Un incubo iniziato lo scorso 23 agosto e, che spera, dissoltosi con il voto di metà maggio. Quel giorno le squadracce dei nazionalisti indù si radunarono davanti al centro pastorale di Khadamal che padre Thomas Chellan dirige da anni. Meglio andarsene nonostante la polizia, già in allerta, assicurasse di controllare la situazione. Inutile la fuga nella notte fino alla casa di un amico nel villaggio di Nuagaon, in campagna: padre Thomas viene scovato anche lì e per un giorno intero – nelle mani di 50 fanatici inferociti – seviziato con bastoni, cosparso di cherosene con la minaccia di dare fuoco ai vestiti. Poi, mezzo denudato, fatto inginocchiare in piazza. Un incubo, che ha lasciato segni indelebili sul corpo di questo sacerdote di 57 anni minuto, gentile, e ancora sorprendentemente gioioso.
«Si può sperare – spiega – perché il Biju Janata Dal del governatore uscente Navin Patnaik, ha superato nettamente i nazionalisti del Bjp. Patnaik aveva più volte protestato per quanto avvenuto nel distretto di Kandhamal, in Orissa, ma era ostaggio della storica alleanza con il Bjp. E poi, a livello federale, il Congresso ha registrato una massiccia vittoria: penso che gli elettori abbiano voluto difendere in ogni modo la laicità dello Stato contro il fondamentalismo indù. L’India è un grande Paese in cui indù, musulmani, buddisti e cristiani da secoli vivono in pace e vogliono continuare a farlo.
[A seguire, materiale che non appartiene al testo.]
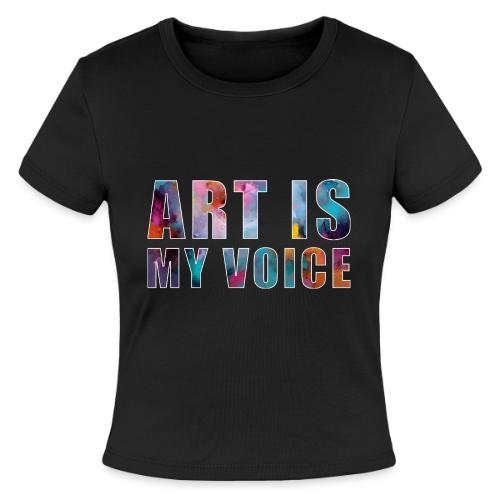 Art Is My Voice - Slim Fit Rib Women's T-Shirt
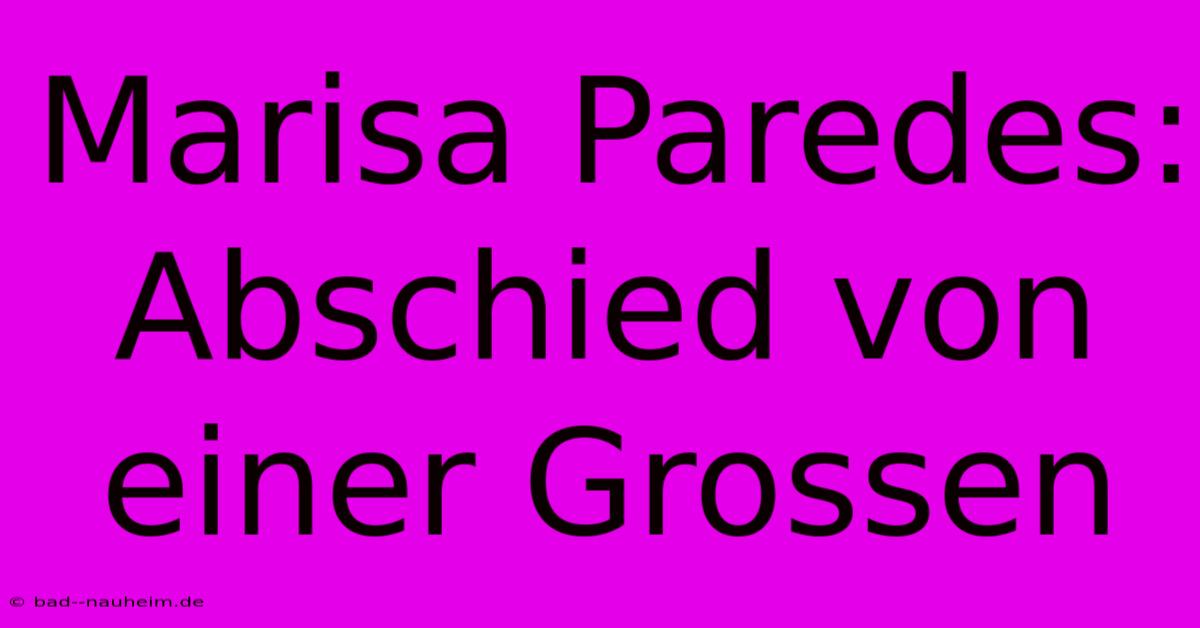 Marisa Paredes: Abschied Von Einer Grossen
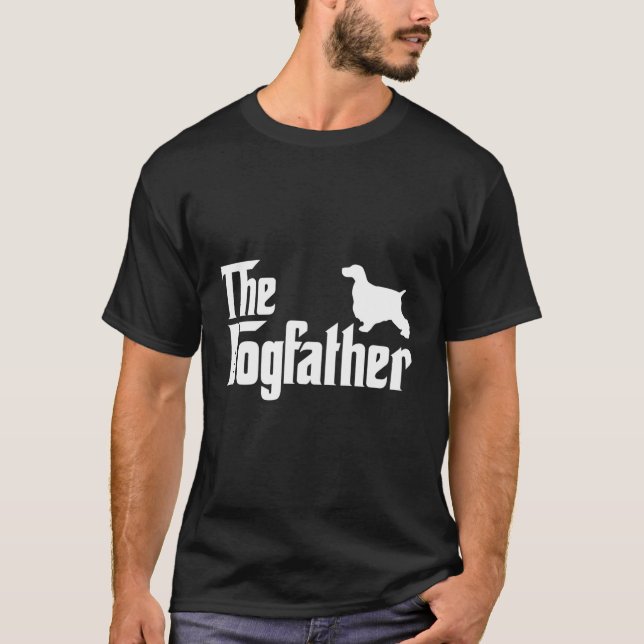 English Cocker Spaniel Lover Gift Dogfather T-Shirt (Front)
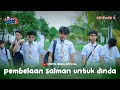 Download Lagu Pembelaan Salman Untuk Dinda - EPISODE 5 #drama #ceritajekho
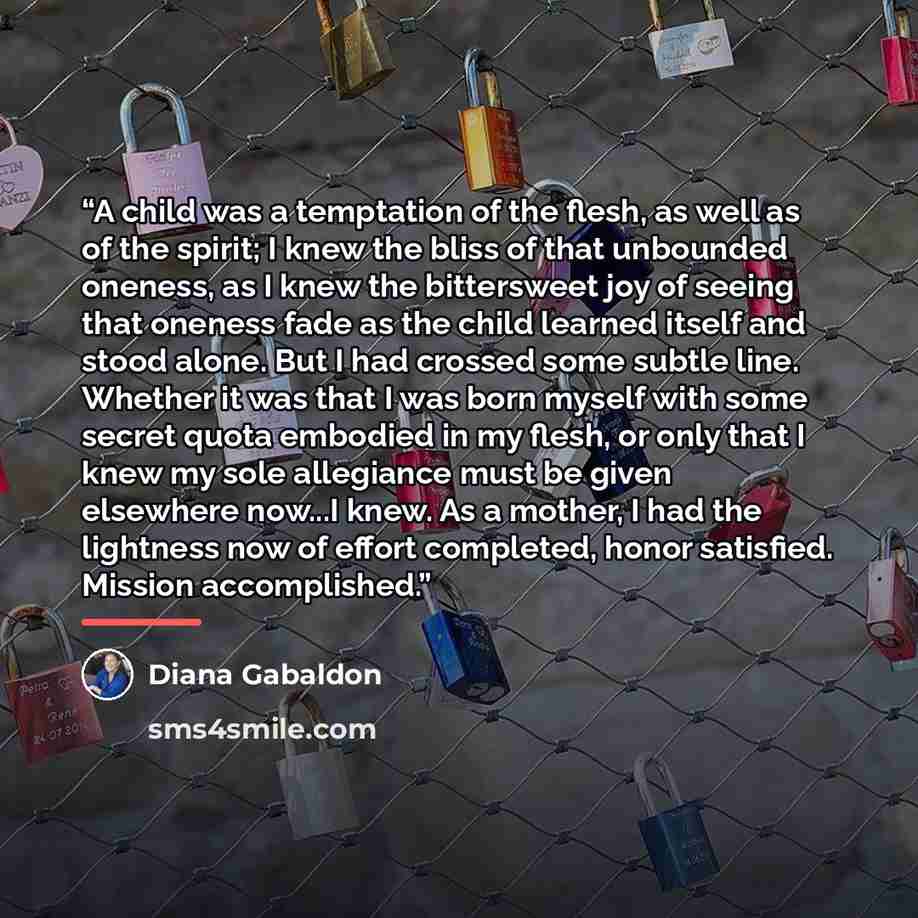 “A child was a temptation of the flesh, as well as of the spirit; I knew the bliss of that unbounded oneness, as I knew the bittersweet joy of seeing that oneness fade as the child learned itself and stood alone. But I had crossed some subtle line. Whether it was that I was born myself with some…” quote by Diana Gabaldon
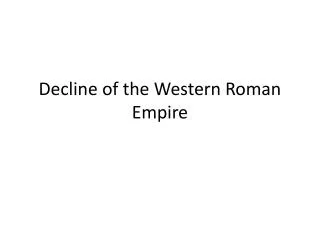 Decline of the Western Roman Empire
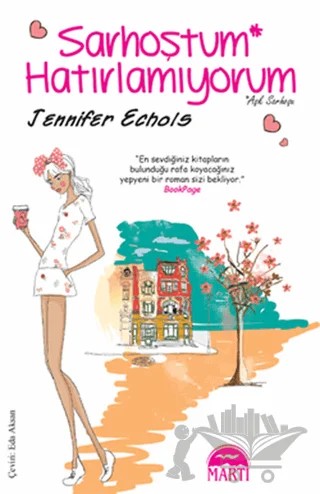 Sarhoştum Hatırlamıyorum – Jennifer Echols – Martı Yayınları kitap kapağı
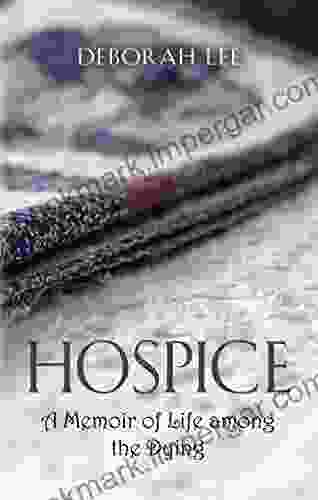 Hospice: A Memoir Of Life Among The Dying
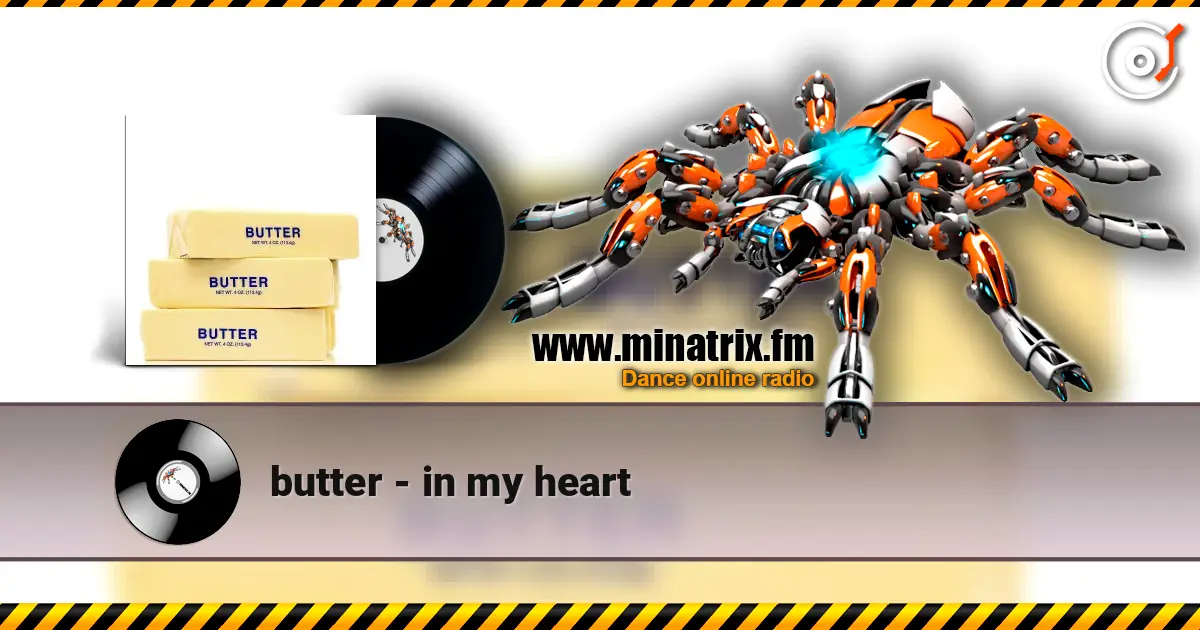 butter - in my heart écouter en ligne en haute qualité | Minatrix.FM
Sajan K. George, presidente del Global council of indians christians, ha chiesto al governatore dell’Orissa giustizia per i cristiani. Come concretamente?
Per prima cosa bisogna ricostruire un’atmosfera pacifica nei villaggi cristiani: ora si vive nel terrore, nel timore che i vicini di casa si rivelino inaspettati aguzzini. Occorre ricreare una possibile convivenza in primo luogo ristabilendo una amministrazione locale con polizia, ufficiali pubblici. Essere certi che se io non ti attacco tu non mi attacchi. In secondo luogo creare occasioni di dialogo, di confronto, di riconoscimento reciproco. Molti villaggi cristiani nel distretto di Kandhamal sono deserti, le case distrutti, gli abitanti nei campi profughi o fuggiti in altri Stati. Chi è rimasto spesso è costretto a conversioni forzate all’induismo, anche se nell’intimo resta cristiano. In questa situazione noi sacerdoti non riusciamo ad essere presenti, a svolgere il nostro servizio di pastori in queste comunità.
Molti però sostengono che in queste elezioni l’estremismo è stato sconfitto. Ne conviene?
Non posso affermare che siano stati definitivamente sconfitti perché sono ancora là e il Bjp governa ancora in alcuni Stati indiani. Non sono sconfitti e credo che adesso cercheranno di attuare il loro programma politico agendo come se fossero un partito secolarizzato.
A Pasqua l’arcivescovo di Cuttack Bhubaneswar, Rapahel Cheenath, ha rivolto un vigoroso appello in difesa della laicità dello Stato, sempre più a rischio. La più grande democrazia del mondo vede minate le basi della convivenza?
In India convivono da sempre culture e religioni diverse: noi viviamo così e non ci sentiamo per questo stranieri. I missionari cristiani potevano andare negli Stati a maggioranza indù senza problema, i rapporti fra le famiglie di religione diversa sono generalmente buone. Chi ha fomentato le violenze? Persone con mire politiche, che vivono segregate dagli altri e istigano gli altri indù: è una minoranza che ha creato questa situazione.
Subito dopo l’aggressione ha dichiarato: «Cristo mi sta guarendo: non ho odio né amarezza. Sono pronto a servire chi mi ha colpito». Oggi ripeterebbe queste parole?
Il cristianesimo, in India come nell’antica Roma, è nato dalle persecuzioni. Allora non c’erano i media a raccontarle, ma la Chiesa è cresciuta. Padre Thamas Chellan apre un libro e indica la pagina con la lista dei 75 cristiani uccisi fra agosto e dicembre. «Abbiamo imparato che il sangue dei martiri è il seme della Chiesa. Ora mi è stato chiesto di tornare in Kerala, il mio Stato di origine. Ma noi cristiani resteremo in Orissa e non rinunceremo alla fede».